This is a birthday cake made last year. The girl is a good friend of Mido. She always said to me, Auntie, I want a Princess Cake with ice and snow. The basic thing we can find is to turn over the sugar money. But I'm afraid of turning over the sugar. Just in time, my friend entered the food printer. She can print out the edible sugar skin of the princess. Make an eight inch Qifeng. It's beautiful with simple mounting. When they take it out, the girls are crazy. Birthday cake can deliver warm happiness. That's why so many people are willing to make a blessing cake for themselves. -
Step1:Put the yolk in a basin. Add 50ml of oil, 50ml of warm water, and 90g of sifted low powder. Make the yolk paste evenly. Mix the powder as well as possible.
Step2:Add two drops of lemon juice, one gram of salt, and 70 grams of sugar into the egg protein in three times. Beat until it is neutral and slightly dry. The standard of judgment is that the egg protein forms a slightly curved small sharp corner on the beating head, and the basin is buckled upside down. The protein will not fall off.
Step3:Add the protein into the yolk paste twice. Add half of the protein into the yolk first. Then pour the mixture back into the remaining protein. Mix gently and evenly. Make a smooth and delicate cake paste. This can ensure the success of Qifeng.
Step4:Preheat the oven for 160 degrees and 10 minutes in advance. Put it in the second layer of inverted baking. Set the time for 50 minutes.
Step5:In the later stage, it can be ten degrees lower, so the cake won't crack and the color won't be too deep.
Step6:Take the cooled cake out of the mold. Cut it in half with the slice assistant.
Step7:Whisk 200 ml whipped cream and 20 fine sugar to 8 points. Spread on a piece of cake. Add half cut strawberries.
Step8:Then cover the other half of the cake.
Step9:Cream the cake with fresh cream. There was no picture left when painting the Princess Cake, so I borrowed another picture instead. This princess cake is plastered with 300ml fresh cream and two drops of blue pigment of Wheaton.
Step10:Cover the cake with round sugar skin.

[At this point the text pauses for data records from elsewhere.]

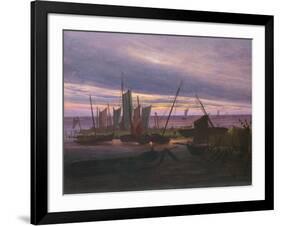 Boats in the Harbour at Evening, C. 1828-Caspar David Friedrich-Framed Giclee Print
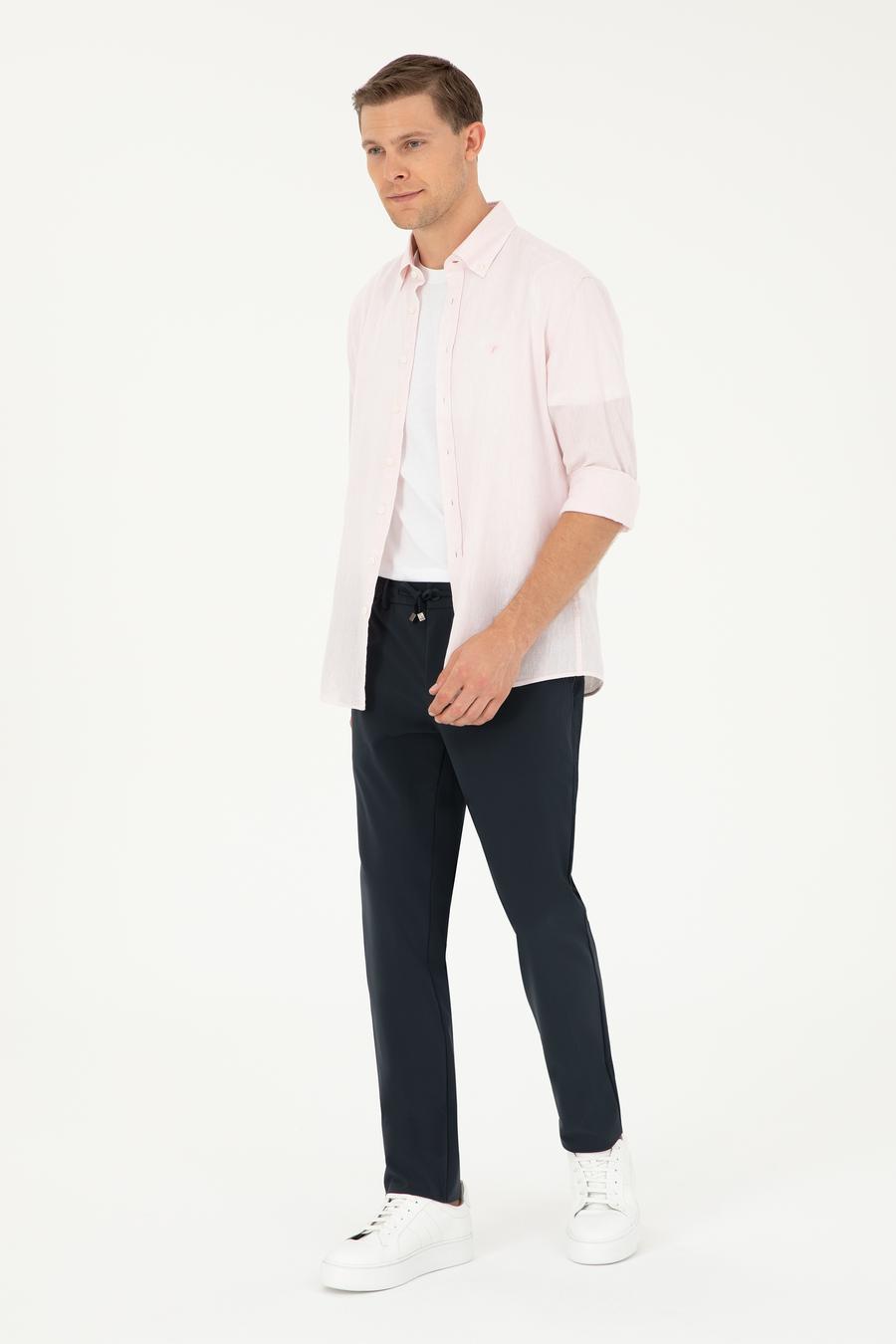 Pembe Slim Fit Keten Karışımlı Gömlek - 50266184477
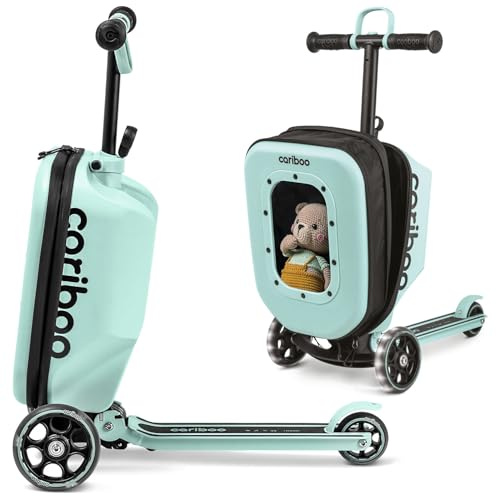 Cariboo iTravel sparkcykel för barn med resväska, 3 hjul, från 2 år, 2-i-1, hopfällbar, höjdjusterbar, upp till 50 kg, handbagage, mint
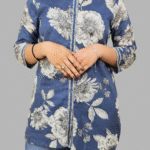 Blue Sunflower Print Kurti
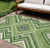 8' X 10' Green Ivory And Beige Tribal Washable Indoor Outdoor Area Rug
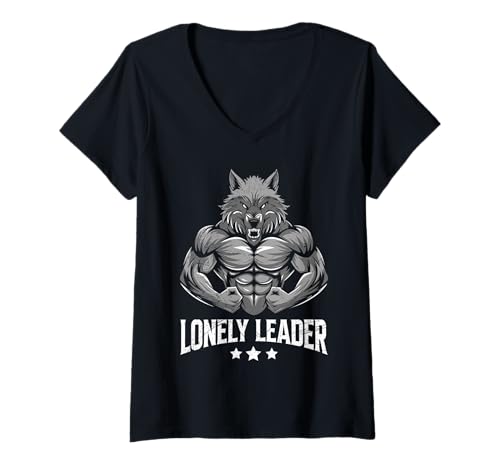 Damen Wölfe LONELY LEADER Alpha Wolf Kostüm Lustig Wolf T-Shirt mit V-Ausschnitt von Werwolf T-Shirt Herren Alpha Wolf Kostüm Wölfe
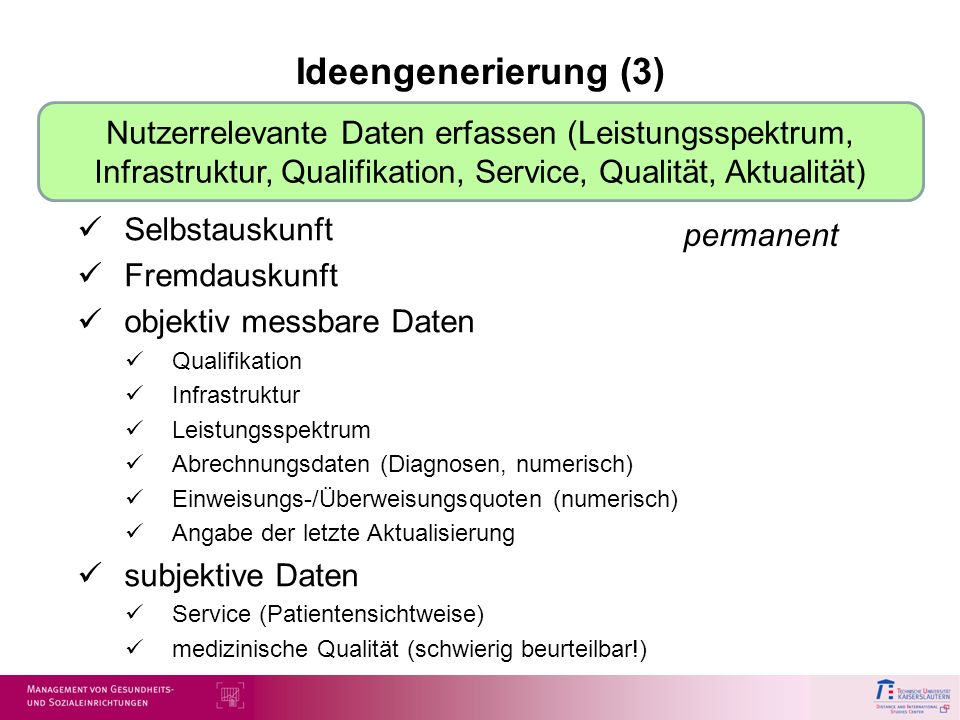Ideengenerierung (3) Nutzerrelevante Daten erfassen (Leistungsspektrum, Infrastruktur, Qualifikation, Service, Qualität, Aktualität)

Fill the remaining blue whipped cream into the mounting bag to mount the cake. If the cream melts before mounting, put it in the refrigerator and refrigerate it. Pay attention not to mount the cream close to the hand on the cake, because the hand temperature will separate the oil from the cream.
Step11:I recommend a flower mounting mouth that I often use. The 7075 of Sanneng has no problem making small stars and small flowers.
Cooking tips:1. Many people like to use milk when making Qifeng. In fact, I consulted with the five-star dessert chef. She said that Qifeng should not use milk as much as possible, because milk will be gluten and cause the cake to shrink. So, if you have milk in your prescription, you can use warm water or orange juice instead. 2. Add salt to the protein to make the protein tissue stable and elastic. There are skills in making delicious dishes.